Les sexes ne se sont jamais compris. Ils sont semblables à deux races réunies dans une tentative sincère de cohabitation et d’harmonie, mais si inévitablement différentes pour ce qui regarde les points de vue et les tempéraments qu’une compréhension réelle est impossible. Les hommes comprennent assez bien les hommes, les femmes comprennent assez bien les femmes, mais quand la question se pose pour les hommes de comprendre les femmes ou vice versa, il se produit les malentendus les plus étranges, les erreurs les plus grossières, et chacun s’en prend à la stupidité de l’autre. Les hommes efféminés comprennent les femmes mieux que les autres hommes et les femmes « masculines » comprennent les hommes mieux que leurs sœurs, mais ce que ces types spéciaux gagnent d’un côté, ils le perdent de l’autre par un manque égal de compréhension des personnes les plus caractéristiques de leur sexe.
L’inéluctable conclusion, c’est que la différenciation sexuelle crée une différence d’âme. Dans leur état d’être actuel, les sexes ont des mentalités dissemblables et distinctes. Avant la puberté, la différence semble moins grande ; après l’âge critique, elle diminue également ; mais à l’époque de la pleine floraison sexuelle, ils semblent être au pôle l’un de l’autre.

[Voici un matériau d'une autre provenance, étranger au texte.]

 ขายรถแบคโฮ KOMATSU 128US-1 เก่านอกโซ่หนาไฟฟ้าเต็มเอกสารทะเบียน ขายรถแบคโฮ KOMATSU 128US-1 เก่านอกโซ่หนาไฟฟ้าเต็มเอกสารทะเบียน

Peut-être cette divergence et cet éloignement sont-ils nécessaires pour provoquer cette recherche passionnée de l’union sexuelle qui constitue l’amour. À preuve ce désir violent de réconciliation et de réunion qui suit une querelle ou une discussion mettant plus encore en relief l’incompatibilité innée des sexes. Ceux qui s’aiment à la folie ne sont-ils pas ordinairement inaptes à vivre en bonne intelligence ? Entre de véritables « âmes sœurs », s’entre-comprenant parfaitement, attirées naturellement vers la même vie, il existe à peine l’attraction sexuelle voulue pour ne pas rendre monotone la vie commune, il n’y a pas de passion aveuglante.
Les sexes demeurent des mystères l’un à l’autre, mais des mystères s’attirant. Où manque le mystère peut aussi manquer l’attraction. Ils sont bien plus rapprochés et se comprennent davantage lorsqu’ils s’unissent dans la caresse et dans le mystère silencieux et tendres de l’amour. Mais s’ils tentent de s’expliquer verbalement, alors se présentent les abîmes insondables et les pics inaccessibles. Cependant, se montrer l’un à l’autre tel que, c’est ce qui profite et réunit le plus. S’abandonner au désespoir, au dédain, à l’indifférence conduit uniquement à la séparation – car les sexes ne s’intéressent l’un à l’autre que dans la mesure où ils s’efforcent de se comprendre. Dire que l’on s’aimera sans chercher à se comprendre implique que si l’on se comprenait, l’amour disparaîtrait. C’est un paradoxe, mais c’est pourtant la vérité.